How do you use this tool?
- Drop a video file in the dropzone or click to pick one (up to 500 MB, MP4, WebM, MOV, or MKV)
- Pick a sample rate — 1 fps saves time, 10 fps gives finer motion data
- Set the confidence threshold (default 0.5) and the class filter
- Start analysis — detections stream in frame-by-frame during processing
- Download JSON, CSV, SVG, or heatmap PNG
What does video object detection do?
Video object detection samples your video at regular intervals and runs each sampled frame through a specialized neural network for object detection. For every detected object you get its class (such as person, dog, or car), its confidence between 0 and 1, and its pixel position as a bounding box (xyxy: left, top, right, bottom). The result is not a cut video — it’s structured data ready for statistics, analytics, visualization, or as input to downstream workflows.
The tool runs entirely inside your browser tab via WebAssembly or WebGPU. No video data is sent to a server. Only the AI model is fetched once on first use and cached in your browser; subsequent videos run fully offline.
Which object classes are recognized?
Eighty everyday classes. They cover the categories that appear most often in normal footage:
- Living things: person, bird, cat, dog, horse, sheep, cow, elephant, bear, zebra, giraffe.
- Vehicles: car, bicycle, motorcycle, bus, train, truck, boat, airplane.
- Street furniture and signage: traffic light, fire hydrant, stop sign, parking meter, bench.

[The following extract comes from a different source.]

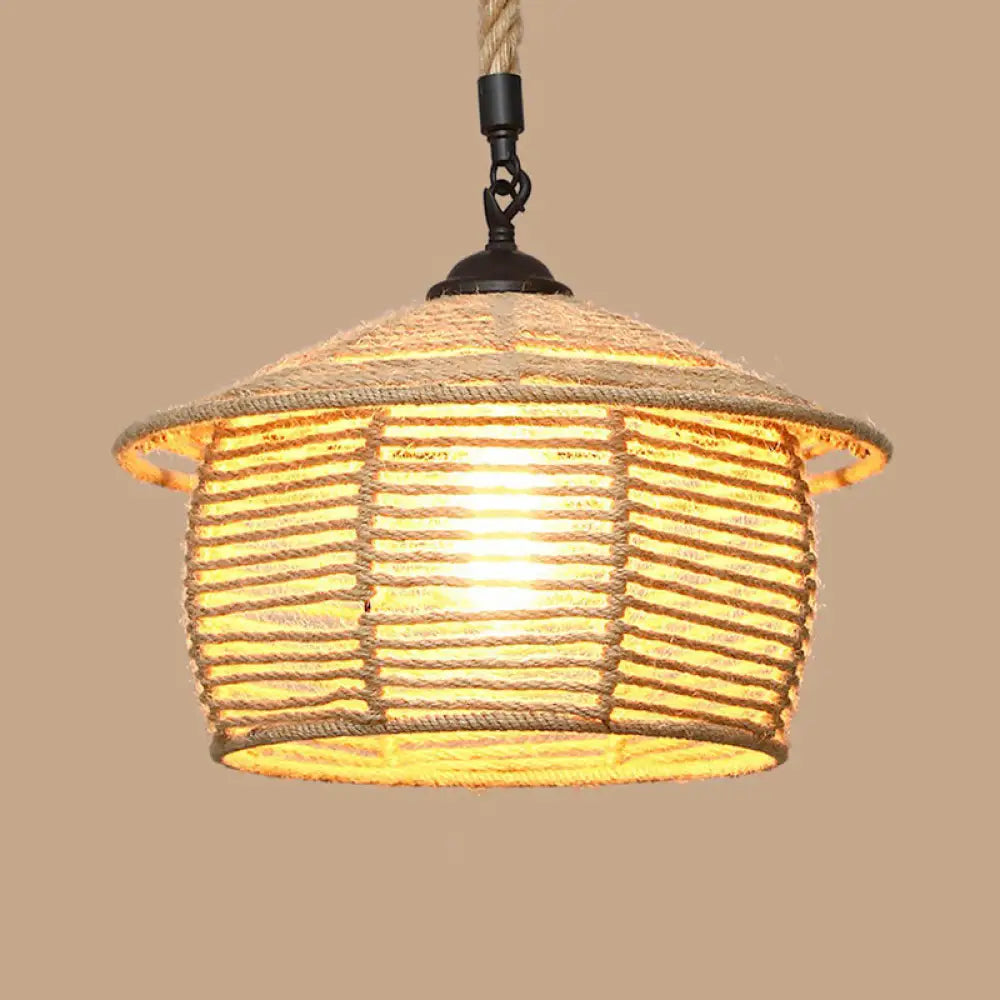 Rustic Hemp Rope Pendant Light Fixture With Brown Bulb / L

- Sports and leisure: frisbee, skis, snowboard, sports ball, kite, baseball bat, baseball glove, skateboard, surfboard, tennis racket.
- Bags, clothing, accessories: backpack, umbrella, handbag, tie, suitcase.

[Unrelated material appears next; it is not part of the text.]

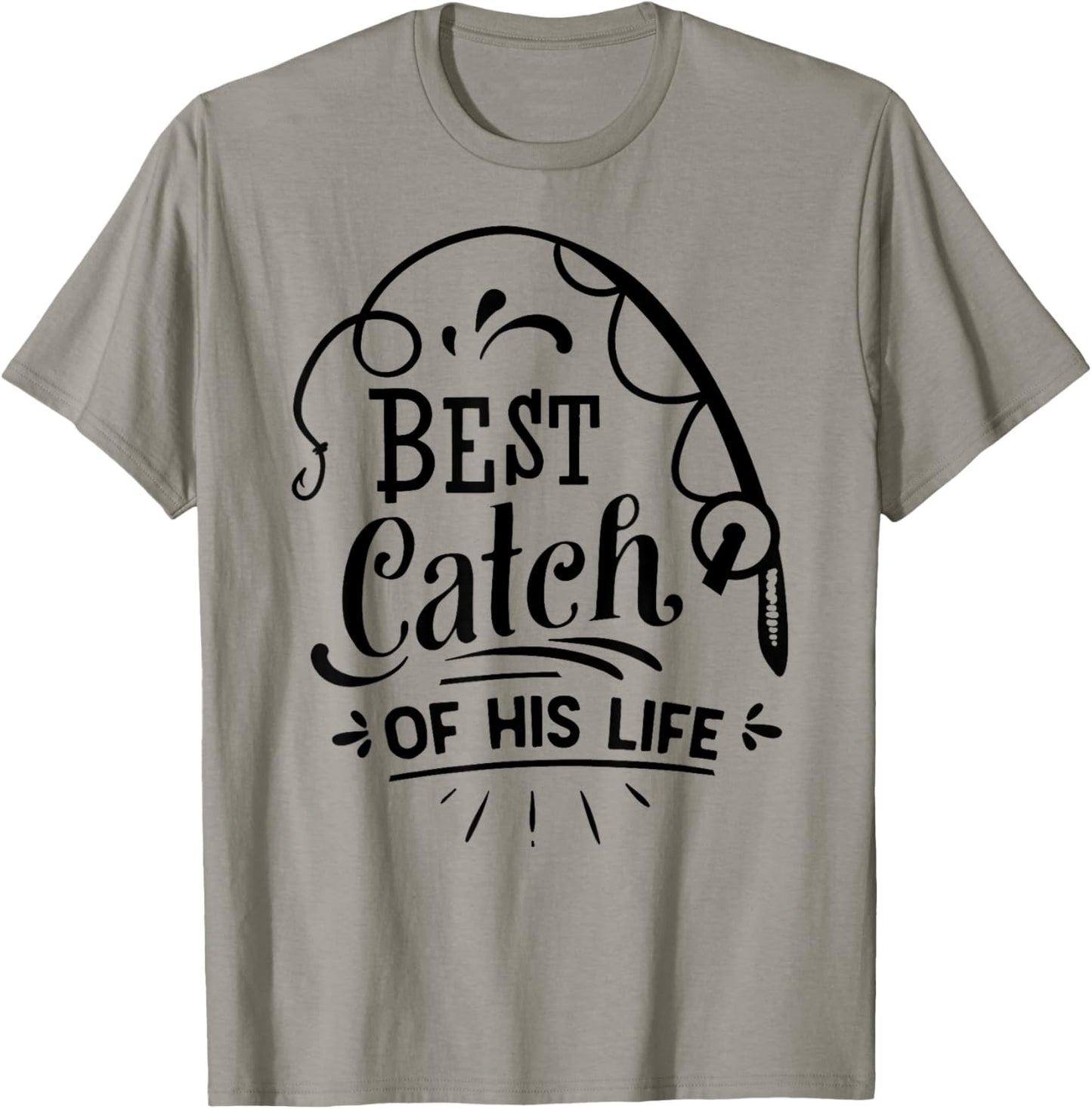 Best Catch Of His Life Matching Couples Fishing T-Shirt - T-Shirt | Sand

- Kitchen: bottle, wine glass, cup, fork, knife, spoon, bowl, microwave, oven, toaster, sink, refrigerator.
- Food: banana, apple, sandwich, orange, broccoli, carrot, hot dog, pizza, donut, cake.
- Furniture: chair, couch, potted plant, bed, dining table, toilet.
- Electronics: TV, laptop, mouse, remote, keyboard, cell phone.
- Other indoor: book, clock, vase, scissors, teddy bear, hair dryer, toothbrush.
Before analysis you filter the list by clicking the class pills. By default all 80 classes are active — if you only need people and dogs, click “Clear all” and re-activate the two you want. Filtering shortens the result list and makes the exported data immediately useful.
How does the frame-by-frame analysis work?
The tool decodes your video using your browser’s native WebCodecs APIs. On a real timeline the decoder jumps to the chosen sample points — at 1 fps once per second, at 10 fps ten times. Each extracted frame is converted to an internal image representation and handed to the loaded AI model.
The model performs classic bounding-box detection: it tiles the frame into many regions, estimates a class probability for each, and returns the regions whose best class is above your set threshold. The boxes are in the source video’s pixel coordinates — they fit your video 1:1 with no need to denormalize.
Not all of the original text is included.